Toda a reflexão sobre a administração pública adquire um caráter técnico, em detrimento das considerações políticas e sociais que permitiriam evidenciar tanto o contexto da ação pública como a pluralidade das opções possíveis.
A concepção dos bens públicos, assim como os princípios de sua distribuição, é profundamente afetada.
A igualdade de tratamento e a universalidade dos benefícios são questionadas tanto pela individualização do auxílio e pela seleção dos beneficiados, na qualidade de amostras de um "público-alvo", quanto pela concepção consumista do serviço público.
As categorias da gestão tendem, nesse sentido, a ocupar o lugar dos princípios simbólicos comuns que até então se encontravam no fundamento da cidadania.
A única questão autorizada no debate público é a da capacidade de levar a cabo "reformas" cujo sentido não é explicitado, sem que se saiba muito bem quais resultados se tenta obter por essa ação sobre a sociedade.

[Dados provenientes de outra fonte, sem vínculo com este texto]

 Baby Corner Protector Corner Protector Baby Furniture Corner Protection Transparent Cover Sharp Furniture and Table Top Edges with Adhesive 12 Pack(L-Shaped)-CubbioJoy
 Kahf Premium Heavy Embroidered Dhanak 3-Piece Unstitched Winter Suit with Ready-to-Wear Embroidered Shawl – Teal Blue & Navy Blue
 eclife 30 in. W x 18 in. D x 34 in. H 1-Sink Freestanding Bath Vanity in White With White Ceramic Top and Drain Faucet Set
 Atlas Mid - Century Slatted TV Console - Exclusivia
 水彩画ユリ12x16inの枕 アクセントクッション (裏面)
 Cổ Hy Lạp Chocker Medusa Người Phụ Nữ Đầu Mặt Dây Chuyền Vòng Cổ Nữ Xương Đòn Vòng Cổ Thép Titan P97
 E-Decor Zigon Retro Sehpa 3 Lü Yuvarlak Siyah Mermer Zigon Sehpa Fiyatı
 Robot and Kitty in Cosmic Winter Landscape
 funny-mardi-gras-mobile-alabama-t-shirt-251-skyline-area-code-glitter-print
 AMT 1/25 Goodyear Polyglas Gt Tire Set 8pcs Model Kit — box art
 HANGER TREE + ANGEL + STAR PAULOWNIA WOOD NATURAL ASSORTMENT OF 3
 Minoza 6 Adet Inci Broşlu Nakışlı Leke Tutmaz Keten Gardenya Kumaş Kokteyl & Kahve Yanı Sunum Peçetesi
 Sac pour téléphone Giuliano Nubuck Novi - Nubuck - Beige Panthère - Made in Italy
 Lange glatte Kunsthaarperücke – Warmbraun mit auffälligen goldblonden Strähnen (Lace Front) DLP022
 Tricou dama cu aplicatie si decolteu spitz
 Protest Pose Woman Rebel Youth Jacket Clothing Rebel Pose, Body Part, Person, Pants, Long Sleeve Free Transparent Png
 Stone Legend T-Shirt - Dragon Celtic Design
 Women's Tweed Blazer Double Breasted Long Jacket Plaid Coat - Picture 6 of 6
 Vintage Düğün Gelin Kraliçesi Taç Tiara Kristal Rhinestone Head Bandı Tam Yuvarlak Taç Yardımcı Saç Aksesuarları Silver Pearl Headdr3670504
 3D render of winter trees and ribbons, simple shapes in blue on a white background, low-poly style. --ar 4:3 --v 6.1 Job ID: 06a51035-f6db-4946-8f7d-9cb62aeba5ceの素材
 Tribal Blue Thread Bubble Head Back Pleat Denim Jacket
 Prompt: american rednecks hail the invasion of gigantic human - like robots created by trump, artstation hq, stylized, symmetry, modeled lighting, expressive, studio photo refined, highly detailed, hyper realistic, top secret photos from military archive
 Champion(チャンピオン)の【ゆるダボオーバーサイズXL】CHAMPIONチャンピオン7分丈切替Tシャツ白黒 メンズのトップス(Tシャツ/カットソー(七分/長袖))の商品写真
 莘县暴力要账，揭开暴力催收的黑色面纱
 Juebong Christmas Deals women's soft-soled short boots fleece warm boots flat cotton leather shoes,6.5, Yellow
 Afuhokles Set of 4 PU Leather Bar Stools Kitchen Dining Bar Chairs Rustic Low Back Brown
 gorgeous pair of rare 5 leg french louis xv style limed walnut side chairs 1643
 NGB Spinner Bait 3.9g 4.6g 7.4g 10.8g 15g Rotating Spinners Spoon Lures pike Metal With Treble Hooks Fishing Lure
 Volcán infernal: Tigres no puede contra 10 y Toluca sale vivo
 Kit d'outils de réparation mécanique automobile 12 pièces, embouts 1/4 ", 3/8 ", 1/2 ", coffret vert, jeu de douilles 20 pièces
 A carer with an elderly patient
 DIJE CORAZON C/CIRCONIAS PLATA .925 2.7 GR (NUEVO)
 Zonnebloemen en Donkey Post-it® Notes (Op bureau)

Além do modo de gestão e suas ferramentas técnicas, a relação entre governantes e governados é radicalmente subvertida.
De fato, é toda a cidadania, tal como se construiu nos países ocidentais desde o século XVIII, que é questionada até em suas raízes.
É o que se vê em especial pelo questionamento prático de direitos até então ligados à cidadania, a começar pelo direito à proteção social, que foi historicamente estabelecido como consequência lógica da democracia política.
"Nada de direitos se não houver contrapartidas" é o refrão para obrigar os desempregados a aceitar um emprego inferior, para fazer os doentes ou os estudantes pagarem por um serviço cujo benefício é visto estritamente como individual, para condicionar os auxílios concedidos à família às formas desejáveis de educação parental.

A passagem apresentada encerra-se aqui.